Similarly, we can identify stark differences in how Kidd and Carter performing depending on which bigs are in the game. Specifically, we can see that a trio of Kidd-Carter-Padgett has struggled significantly, and that a trio of Kidd-Carter-Robinson appears to flourish. Looking a little closer:

Select Quartets Involving Kidd, Carter, and Murray

Kidd/Carter PLUS: Total Time Plus-Minus
Robinson/Murray 6.5 minutes +11
Collins/Murray 7.5 minutes +3

In limited experience, it appears as if the Kidd-Carter-Murray combo is very effective, certainly more than the Kidd-Carter-Vaughn combo. This combination is at its best when alongside Cliff Robinson, but we can also say that a quartet with Collins has also performed well in limited opportunities. Coach Frank has tried this four-man combo with Padgett, Krstic, and Collins/Robinson each filling the final position, and each of these five-man units has exhibited success, each earning a plus rating. Again, we point out that the far majority of these combinations occurred against Toronto. Incidentally, a five-man unit that adds both Collins AND Robinson to the Kidd-Carter-Murray base earned a +6 in about two and a half minutes.

On the other hand,

Select Quartet Involving Kidd, Carter, and Vaughn

Kidd/Carter PLUS: Total Time Plus-Minus
Padgett/Vaughn 4.5 minutes -8

Coach Frank has tried this combination with either Krstic or Robinson in the fifth slot, to no avail.

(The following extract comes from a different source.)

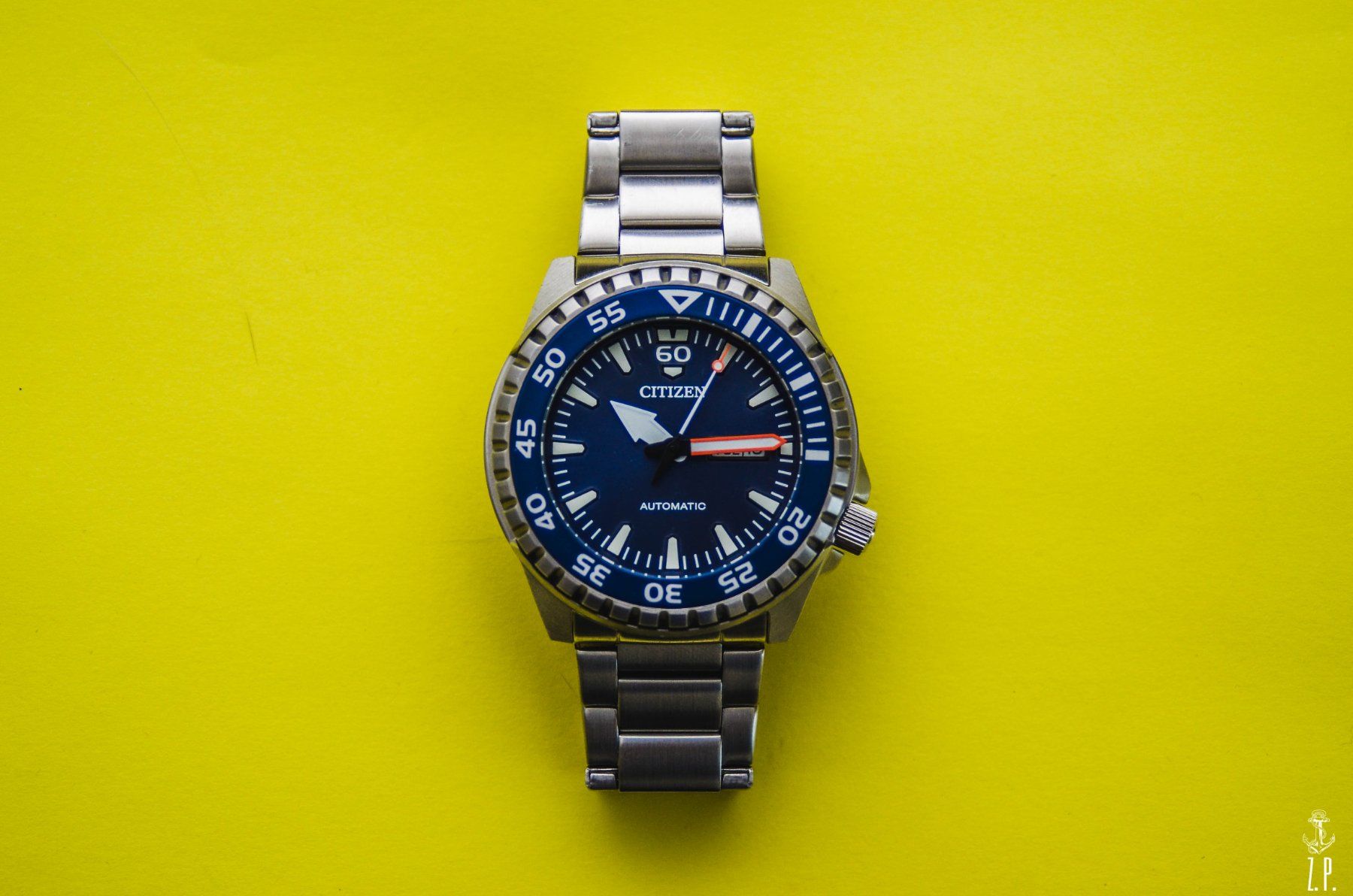 Citizen Orologi: Citizen Diver NH8389-88LE Automatic Blau Herren Uhr – Usato da Boswil venduto da ZPwatches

Admittedly, it is hard to justify reaching a conclusion based on such limited evidence. We can say, however, that it appears that the Kidd-Carter-Murray combination may be a unit that will exhibit success in the future. This is especially true with regard to a Kidd-Carter-Murray-Robinson quartet. At this point—again, based on limited evidence—it may be said that this unit deserves more of an opportunity than a Kidd-Carter-Vaughn unit. We’d also be cautious of playing Padgett with that quartet (this quintet performed once, earning a +1 in about 45 seconds). We certainly hope that RJ recovers quickly, and does not suffer another injury. Even so, we’d like to see more of the Kidd-Carter-Murray combo, even in limited minutes. The numbers are there. Coach Frank? The ball is in your court.